SQL> create diskgroup OCR EXTERNAL REDUNDANCY DISK 'ORCL:VDKBACK' attribute 'compatible.rdbms' = '11.2.0.0.0','compatible.asm' = '11.2.0.0.0';
Diskgroup created.
[grid@rac1 admin]$ ocrconfig -restore /u01/app/11.2.0/grid/cdata/rac-cluster/backup00.ocr执行成功
[root@rac1 ~]# ocrconfig -restore /u01/app/11.2.0/grid/cdata/rac-cluster/backup00.ocr
[root@rac1 ~]#
这里有坑{------------------------------------注意,坑了我两次
[root@rac1 ~]# ocrconfig -restore /u01/app/11.2.0/grid/cdata/rac-cluster/backup00.ocr
PROT-16: Internal Error
create diskgroup OCR EXTERNAL REDUNDANCY DISK 'ORCL:VDKBACK' attribute 'compatible.rdbms' = '11.2.0.0.0','compatible.asm' = '11.2.0.0.0';
create diskgroup OCR EXTERNAL REDUNDANCY DISK 'ORCL:VDKBACK' attribute 'compatible.rdbms' = '11.1.0.0.0','compatible.asm' = '11.1.0.0.0';
这个错误要避免设置'compatible.asm' = '11.1.0.0.0'即可,
但是增加ocr的时候会又要求11.2.0.0.0
[grid@rac1 ~]$ crsctl replace votedisk +OCR
Failed to create voting files on disk group OCR.
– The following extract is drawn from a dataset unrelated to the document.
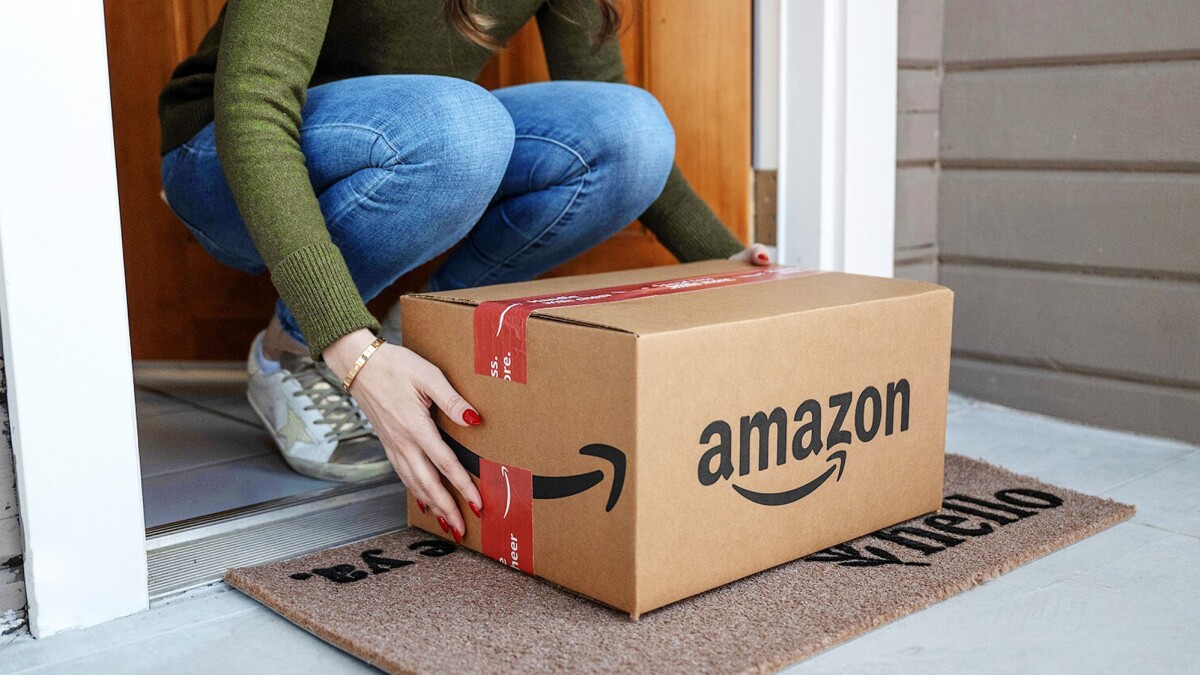 amazon-package-arriving-at-home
Change to configuration failed, but was successfully rolled back.
CRS-4000: Command Replace failed, or completed with errors.
crsctl replace votedisk +OCR
/u01/app/grid/diag/asm/+asm/+ASM1/trace/alert_+ASM1.log
NOTE: Voting File refresh pending for group 1/0x667e2acc (OCR)
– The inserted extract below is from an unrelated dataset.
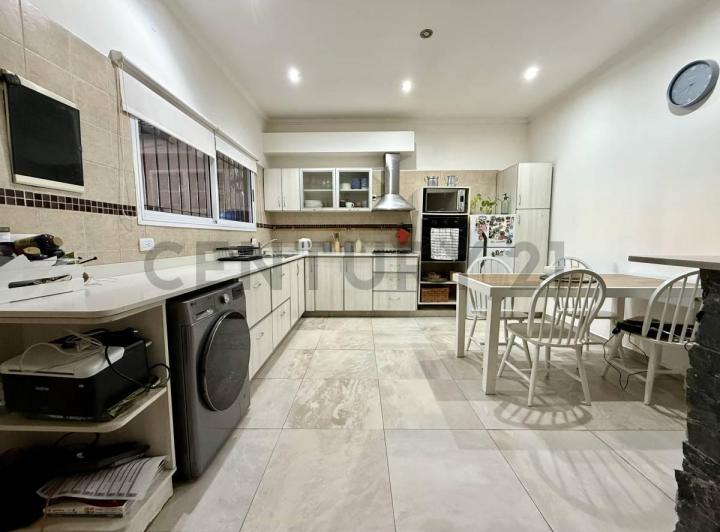 PH · 185m² · 6 Ambientes · 1 Cochera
NOTE: Attempting voting file creation in diskgroup OCR
ERROR: Voting file allocation failed for group OCR
Errors in file /u01/app/grid/diag/asm/+asm/+ASM1/trace/+ASM1_ora_29249.trc:
ORA-15221: ASM operation requires compatible.asm of 11.2.0.0.0 or higher
只好使用ocrconfig -import /u01/ocr.exp import了一下 才跳过了必须使用ocrconfig -restore 的PROT-16: Internal Error错误
看有文档提oracle官方说只有restore方式支持,export的恢复不再xxx(忘记内容了)看来也不是官方言论吧,oracle还是比较谨慎的,就是bug多一些而已,但是有补丁不怕
然后下来crsctl replace votedisk +OCR才成功
---------------------------------------------坑描述结束}
crsctl replace votedisk +OCR
[root@rac1 ~]# crsctl replace votedisk +OCR
Successful addition of voting disk 066b704e38164f4ebf2417cbf2caaa26.
Successfully replaced voting disk group with +OCR.
CRS-4266: Voting file(s) successfully replaced
docr和vot恢复后,crs等服务就会自动起来了
ocrcheck
crsctl query css votedisk
[root@rac1 ~]# ocrcheck
Status of Oracle Cluster Registry is as follows :
Version : 3
Total space (kbytes) : 262120
Used space (kbytes) : 2712
Available space (kbytes) : 259408
ID : 1749057863
Device/File Name : +OCR
Device/File integrity check succeeded
Device/File not configured
Device/File not configured
Device/File not configured
Device/File not configured
Cluster registry integrity check succeeded
Logical corruption check succeeded
[root@rac1 ~]# crsctl query css votedisk
## STATE File Universal Id File Name Disk group
-- ----- ----------------- --------- ---------
1. ONLINE 066b704e38164f4ebf2417cbf2caaa26 (ORCL:VDKBACK) [OCR]
Located 1 voting disk(s).
[root@rac1 ~]#
crsctl start cluster -all
crs_stat -t